Tag Archives: citation styles

Launching Ref2RIS – convert your typed bibliography to Endnote format

Several months ago I blogged about Converting a plaintext bibliography to RIS format for Endnote. It’s not as painful a process as typing up hundreds/thousands of records, but it’s still painful.

This last week, I had to repeat the process. Eight painful work-hours later, I heard a colleague had something similar to do. And I thought there must be a way to automate it so one doesn’t have to do the endless typing every time.

Then I was home sick and got bored and ended up making a basic APA converter.
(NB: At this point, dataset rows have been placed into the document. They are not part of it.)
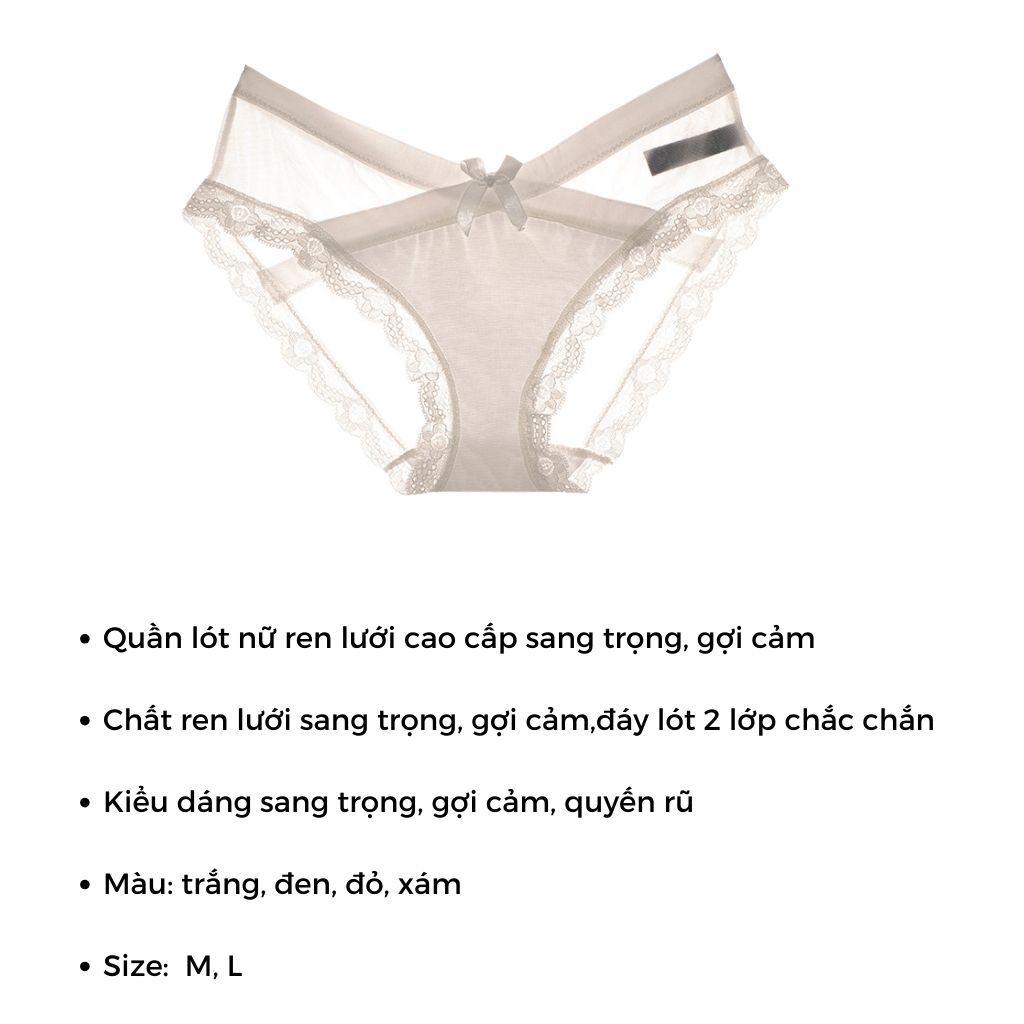 Quần lót nữ ren lưới cao cấp cạp vừa tôn dáng viền ren sang trọng kiểu dáng gợi cảm LANIXA L8136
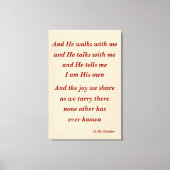 In de tuin Hymn Quote Canvas Afdruk (Voorkant)
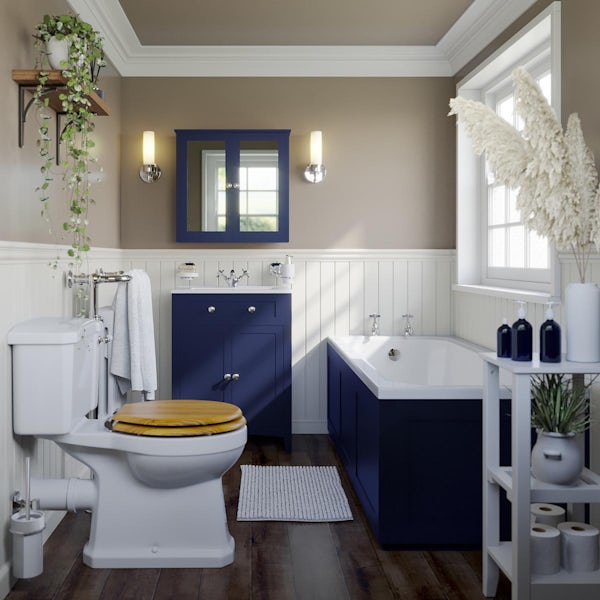 The Bath Co. Camberley navy furniture suite with straight bath 1700 x 700mm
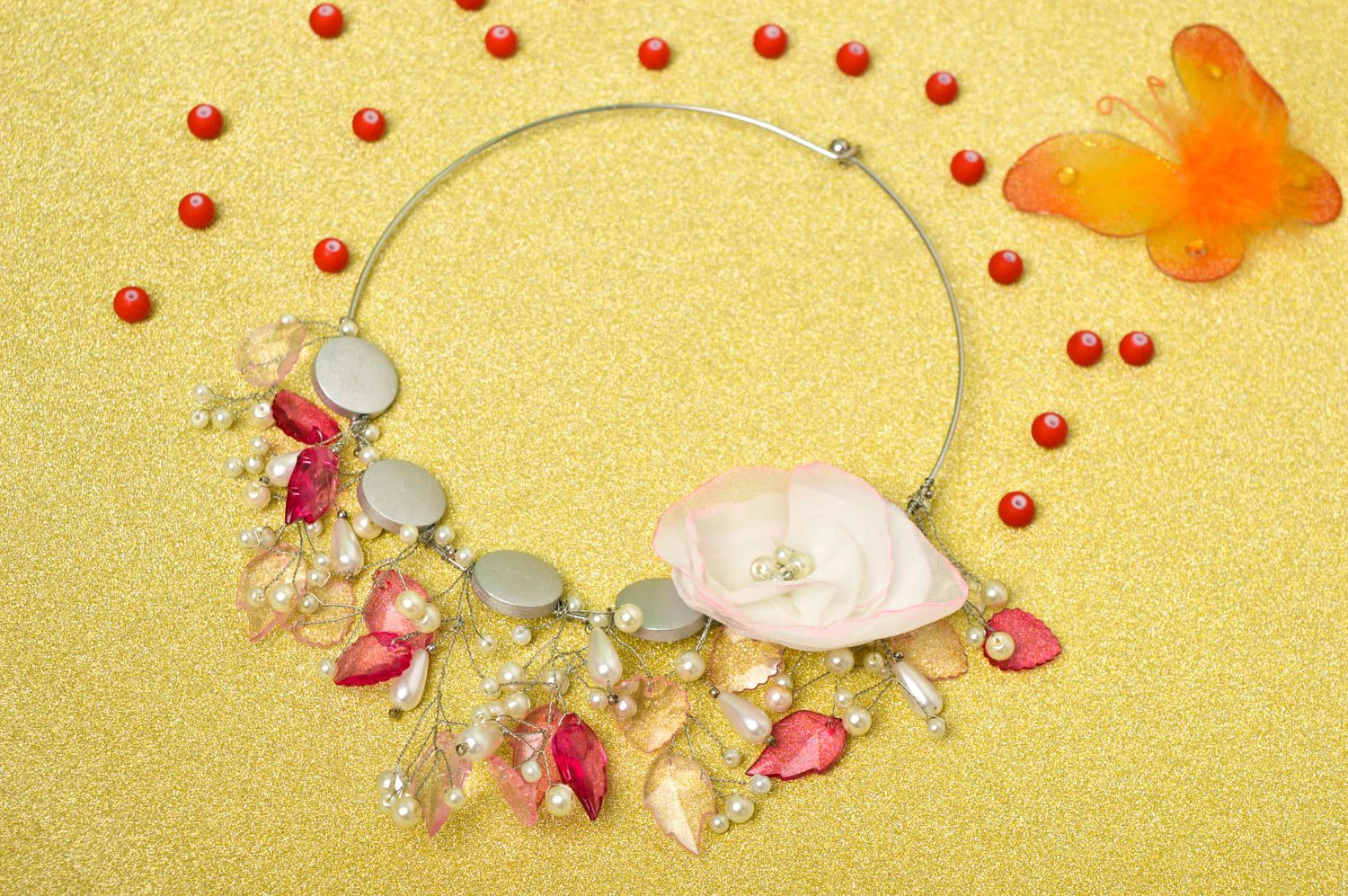 Handmade plastic necklace beaded necklace handmade jewelry made of beads  photo 1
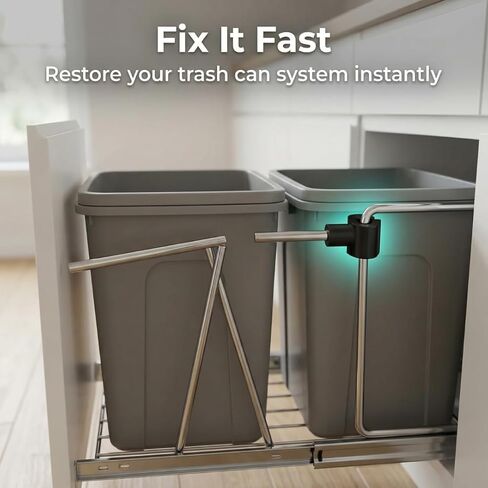 SplashNColor Trash Can Lock Replacement - Snap Handle Connector Compatible with RevAShelf Waste Bin Repair - Durable ABS Construction - Easy-to-Install Spare Parts for Garbage Can Latch Repair 4 Pack in Saudi Arabia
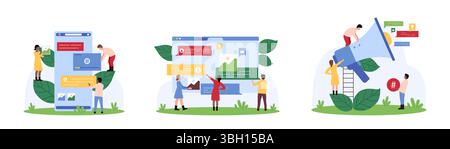 Online-Kommunikation, Dialog in sozialen Medien, Ankündigungsset. Winzige Menschen kommunizieren, halten Hashtag für Inhalte, Sprechblasen auf dem Smartphone-Bildschirm und große Megaphon-Comic-Vektor-Illustration Stock Vektor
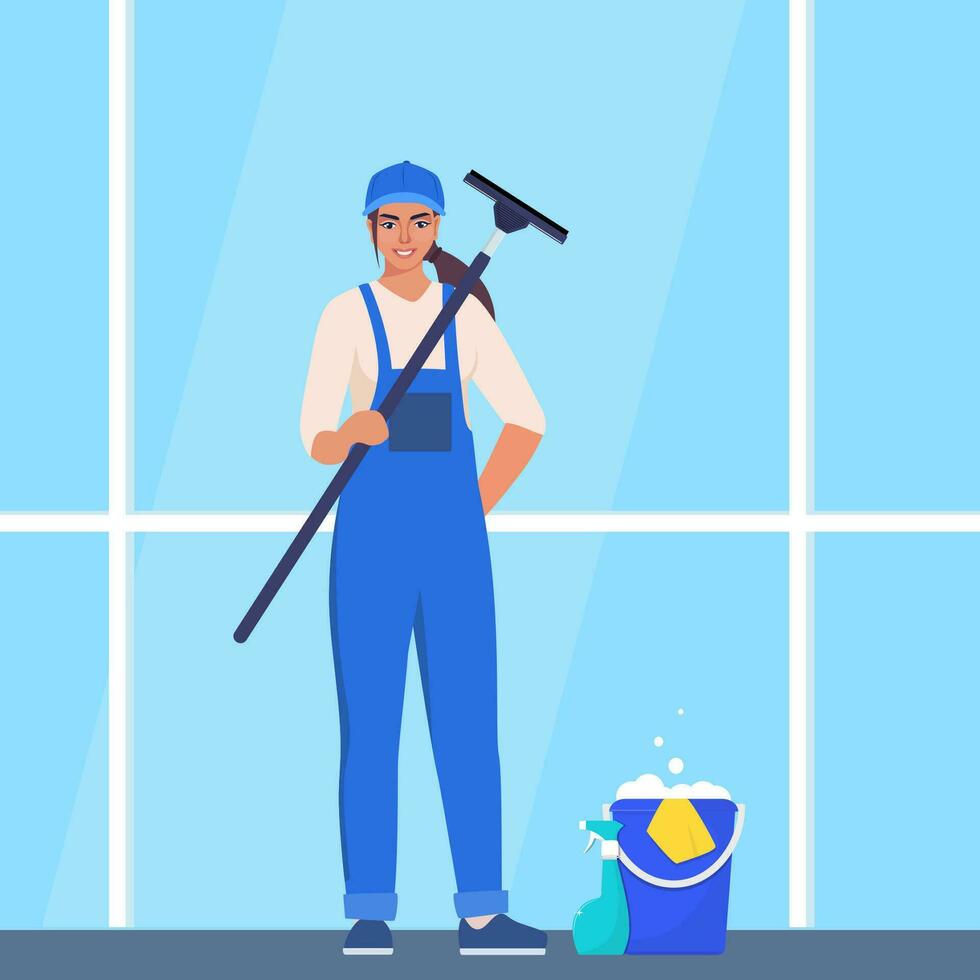 mujer en azul y amarillo uniforme limpieza ventana con vaso raspador y Lavado rociar. limpieza interna servicio, oficina limpieza servicio, primavera limpieza deber. vector ilustración.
Then (still sick and still bored) I got all fancy-schmancy and named and documented it and everything.

Thus, Ref2RIS.

Notes:

  • If you really can’t get access to MacOS or Linux to do this on and can’t get sed on Windows, email me – I’ll do it for a dollar or a good cause.
  • If you need a style other than APA, also email me. Whether/how quickly I get around to it will depend on a complex formula of many factors, but I think it’ll be quicker to make than the first one was, and right at the moment my motivation is high.
  • If you use it successfully, please let me know, spread the word, and/or if you’re really enthusiastic there’s a tipjar on the site.

Converting a plaintext bibliography to Endnote/RIS format with help from Linux/Terminal

[Update 16/7/2011: See my more recent post on the topic, Launching Ref2RIS – convert your typed bibliography to Endnote format, which makes things even easier.]

You won’t want to do this unless you’ve got literally hundreds of references. Any less, and these suggestions are way easier.

1. Format references so they’re each on their own line – no blank lines.

2. Use Word’s “Find Special” capabilities to replace a phrase in italics with {it}a phrase in italics{endit} and a phrase in bold with {b}a phrase in bold{endb}.  (Similarly if the citations contain underlines.)

3. Save as plaintext – say, source.txt.  Now the fun begins…  My own source text contains 600-odd lines in ACS style, like this:

Bamford, C. H.; Tipper, C. F. H. {it}Comprehensive Chemical Kinetics{endit}; Elsevier: New York, {b}1977{endb}. 
House, D. A.{it}Chem. Rev.{endit} {b}1962{endb}, {it}62{endit}, 185

4. Open up Terminal or some other Linux command line.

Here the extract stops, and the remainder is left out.